Whole Number 70
The following item appeared recently in the Williamson County Sun published in Georgetown, Texas: "A poignant story and mystery dating back to 1917 came to light last week as a gentleman and his family made the journey all the way from New Mexico to try and locate information about his father, who died near Georgetown in early May of 1917. The visitor this year was A. J. Sparks of Deming, New Mexico. Just a little more than 53 years ago, his father, David Sparks, and David's brother, Henry, were travelling across Texas. David Sparks became ill and the two men camped near a small creek a few miles from Georgetown.
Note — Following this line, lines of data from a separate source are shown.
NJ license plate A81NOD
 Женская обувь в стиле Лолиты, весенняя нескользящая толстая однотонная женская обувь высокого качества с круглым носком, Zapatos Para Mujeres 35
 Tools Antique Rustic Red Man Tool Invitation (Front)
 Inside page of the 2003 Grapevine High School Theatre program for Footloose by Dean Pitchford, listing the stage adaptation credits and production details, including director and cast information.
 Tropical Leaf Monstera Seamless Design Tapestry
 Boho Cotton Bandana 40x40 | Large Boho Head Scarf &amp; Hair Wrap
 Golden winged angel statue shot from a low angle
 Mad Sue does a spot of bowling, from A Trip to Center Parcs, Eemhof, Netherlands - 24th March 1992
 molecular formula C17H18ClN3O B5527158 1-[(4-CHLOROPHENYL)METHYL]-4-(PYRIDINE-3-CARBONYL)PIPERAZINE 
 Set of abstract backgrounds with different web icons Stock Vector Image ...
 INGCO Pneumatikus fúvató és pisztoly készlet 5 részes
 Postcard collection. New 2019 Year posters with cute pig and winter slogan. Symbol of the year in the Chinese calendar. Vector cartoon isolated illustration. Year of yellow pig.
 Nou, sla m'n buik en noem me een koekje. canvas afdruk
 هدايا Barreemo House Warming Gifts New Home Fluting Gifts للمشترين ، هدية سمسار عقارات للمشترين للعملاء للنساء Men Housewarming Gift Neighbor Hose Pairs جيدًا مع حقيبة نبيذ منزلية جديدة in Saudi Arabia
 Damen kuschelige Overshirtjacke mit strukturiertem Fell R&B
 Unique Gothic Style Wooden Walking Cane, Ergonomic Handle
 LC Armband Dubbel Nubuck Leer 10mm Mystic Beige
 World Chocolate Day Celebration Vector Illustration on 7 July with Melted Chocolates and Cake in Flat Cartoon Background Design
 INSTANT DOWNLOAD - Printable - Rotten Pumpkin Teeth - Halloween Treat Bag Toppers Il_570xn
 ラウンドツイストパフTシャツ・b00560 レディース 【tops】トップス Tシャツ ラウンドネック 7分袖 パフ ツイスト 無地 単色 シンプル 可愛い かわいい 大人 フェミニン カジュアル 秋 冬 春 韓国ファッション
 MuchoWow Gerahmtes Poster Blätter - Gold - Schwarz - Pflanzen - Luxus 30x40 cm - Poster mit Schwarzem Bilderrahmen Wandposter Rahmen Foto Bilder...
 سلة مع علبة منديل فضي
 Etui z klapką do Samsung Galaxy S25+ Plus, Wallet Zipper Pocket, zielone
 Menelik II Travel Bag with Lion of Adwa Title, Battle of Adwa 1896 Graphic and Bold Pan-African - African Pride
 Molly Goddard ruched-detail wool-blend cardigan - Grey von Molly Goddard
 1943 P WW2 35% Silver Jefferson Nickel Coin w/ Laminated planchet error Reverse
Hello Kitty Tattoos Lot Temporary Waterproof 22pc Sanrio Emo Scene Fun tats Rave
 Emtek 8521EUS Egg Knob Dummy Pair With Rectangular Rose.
Sometime between May 1 and May 14, 1917, David Sparks died, His brother buried him and continued on his journey, arriving at the home of David's wife in Kemprier, Texas. Henry informed his sister-in-law of the tragedy. A. J. was just a young man at the time, recalls only this meager information regarding the death of his father. David Sparks had been a Texas Ranger around the 1870s and 80s, and also served as a deputy sheriff in El Paso in the late 1890s. He had never lived in Georgetown, but fate simply claimed his life at the time he was nearby. A. J. Sparks would like to find out something more about his father - - and the trip down to central Texas was in search of information. Files of the Sun revealed nothing regarding his death, and records of him in the Court House were also not found."
Whole Number 72
MORE ON DAVID SPARKS WHO DIED IN 1917 NEAR GEORGETOWN, TEXAS
In the Quarterly for June 1970, Whole No. 70, page 1314, we reprinted an item from the Williamson County Sun about a man named A. J. Sparks who was searching for the grave of his father. The following item appeared in this paper on June 18, 1970:
"A story in last week's SUN asked for help for a New Mexico man, A. J. Sparks, who was here recently searching for information about his father who died near Georgetown when he was traveling through the country on an expedition in 1917. Clyde Raney reported that he remembers the incident and can take Mr. Sparks to his father's grave in Berry's Creek Cemetery. The SUN staff wrote this news to Mr. Sparks immediately. Mr. Raney remembers hearing his father tell of the traveler who camped in the upper end of the park and took sick and died; of the men who went out to dig a grave; and of the eight or ten men who were at the funeral service - - all of this made an indelible impression on the twelve year old Clyde. He remembers the careful way the grave was dug and that it was close to the fence where two live oak trees grew. He went out to the old cemetery last week and located an unmarked grave in the spot that he remembered."